|Students Linda Hamilton and Don Bonker were named citizens of the month in 1962. Bonker pursued a political and international career after graduating from Clark. He served in the U.S. House of Representatives from 1975-1989, representing Washington's 3rd Congressional District.|
In many ways, Clark College still had almost a neighborhood feel at the start of the 1960s. Expanded programs and growing diversity in student demographics were well on the way, however. And Clark meanwhile strengthened its ability to tailor curriculum to the needs of shifting social populations.
Classes covered a broad array of programs from psychology to computer science. In a precursor of the "Healthy Penguin Nation," the college featured classes including swimming, lifesaving, fencing, ballroom dance, modern dance and folk dance.
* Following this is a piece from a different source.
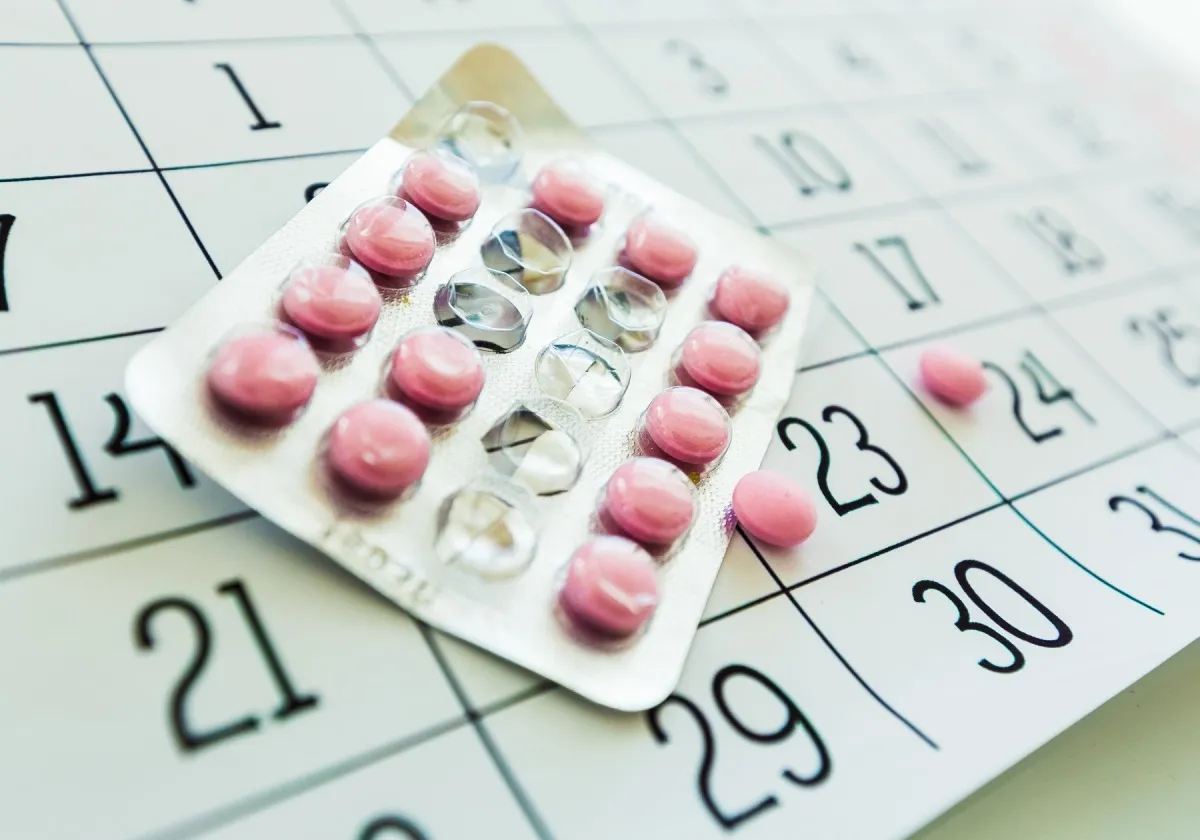 Could Birth Control Pills Triple the Risk of Cryptogenic Stroke in Women?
In addition, the Business Division was at the vanguard of a boom that would carry on for several decades.
The Clark campus benefited from exterior enhancements as well. Trees and shrubs were planted; landscaping plans were approved. In 1964, the college hosted a dedication ceremony for its distinctive chime tower, which had been installed following a massive fundraising effort spearheaded by then-public relations director Bob Moser.
During the 1960s, the college began to capture memories on film as well as photographs. Historic silent film footage shot at the college in the 1960s and provided by the Cannell Library, features art, biology, images of our main campus, chemistry, classrooms, diesel classes, drama productions, horticulture, the machine shop, more footage from our main campus, the printing shop, and historic sports footage.
|The 1962 Galapagon yearbook described a reorganization that grouped all courses into eight instructional divisions. The reorganization included the appointment of Dr. Antonio Scarpelli as chair of the Division of Business Education.|
Other milestones dotted the years. A 1962 Columbus Day storm broke windows and damaged roofs, but did no structural harm to the campus. Ball games, parties, dances and even classes were closed or postponed after the assassination of President John F. Kennedy on November 22, 1963, dubbed “The saddest day” by the Galapagon.
Of longer-lasting impact was the 1967 decision by the Washington legislature to create a state system of community college districts. Clark College became one of 34 Washington community and technical colleges.
In early 1968, an article in The Columbian provided an overview of the opportunities and challenges as a result of the transition. It noted that enrollments dropped in 1967, “perhaps because of the [Vietnam] war and good work conditions.” As a result, the article reported, “the college cut back its proposed $2 million budget, dropped several professors and leveled off some of its programs.” The article also noted that the college “made changes in its programs, offering more high school completion programs for dropouts. The ‘community’ sense of the college was also seen in the offering of more adult education programs, evening classes for all types and interests, and increasing emphasis placed on vocational and occupational education.” Despite the challenges, Clark’s president described the outlook for the college as shining bright.
Clark’s mostly serene campus saw little of the turbulence disrupting other colleges and universities in the 1960s. Nonetheless, the 1965 Galapagon made a passing reference to students protesting parking lots. In 1967, the yearbook published students’ views on Vietnam and also printed an editorial posing the question: Should women be drafted? The times...they were a-changin’.
Nonetheless, the college continued its tradition of honoring its history and leaders. It also continued to grow.
In May 1969, a Columbian article showcased “Clark College’s sparking new and modern lab and clinic facilities” for the 20 students in the college’s first dental hygiene program. On June 11, 1969, the college held its 33rd annual commencement ceremony in the college gymnasium. Approximately 325 students received associated degrees or certificates of proficiency. The guest speaker was Amo De Barnardis, president of Portland Community College, who told the graduates, “One of the main things that education should give you is a sense of respect for the dignity of others.” He added, “What you learn in school should help you live better and help you help others live better.”
That philosophy would resonate as Clark College entered the next decade.